Follow chef Ashley Christensen’s journey from 18-year-old cook to owner at Raleigh’s renowned Poole’s Diner. Her eponymous cookbook pays homage to her simple, hearty, Southern-focused New American cuisine, and if you’ve ever had her sweet potato hummingbird cake, you’ll want the recipe for yourself. Whip up all the favorite dishes Poole’s chalkboard has ever sported right at home, and put that restaurant on your bucket list.

There’s a debate that rages in all corners of the dessert-eating universe: cake or pie? It’s of particular importance in the South, where both tall-as-the-sky layer cakes and blue-ribbon pies are matters of pride and heritage. Though Poole’s has pie in its blood, we could never get away with omitting cake from the lineup.

This occasion-worthy cake is based on a classic hummingbird cake. First published in Southern Living magazine in 1978, the original version, created by Mrs. L. H. Wiggins of Greensboro, North Carolina, the city where I was born, had banana and pineapple in its batter. It has since become one of the most requested recipes in the magazine’s history.

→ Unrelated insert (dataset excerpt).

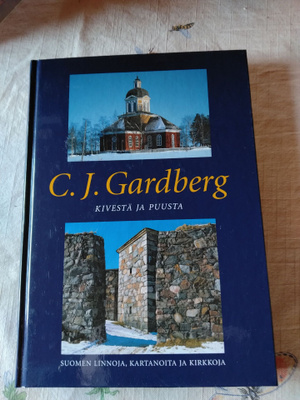c j gardberg kivestä ja puusta linnoja kartanoita kirkkoja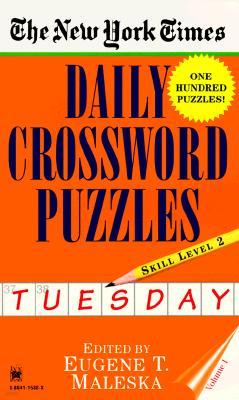 New York Times Daily Crossword Puzzles (Tuesday), Volume I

Our version adds sweet potatoes to the mix and substitutes green peanuts for the traditional pecans. Green, or “raw,” peanuts aren’t roasted like the peanuts at a baseball game, and they have a tender, almost bean-like texture. They’re worth seeking out (they come into season in the late summer and fall), but if you can’t find them near you, feel free to use roasted peanuts or another nut of your choice. We roast the bananas before adding them to the cake batter for two reasons: It concentrates the flavors of the banana and it yields a particularly smooth puree, which is better for the texture of the cake. Roasted banana puree will keep in the freezer in a resealable plastic bag for up to 6 months.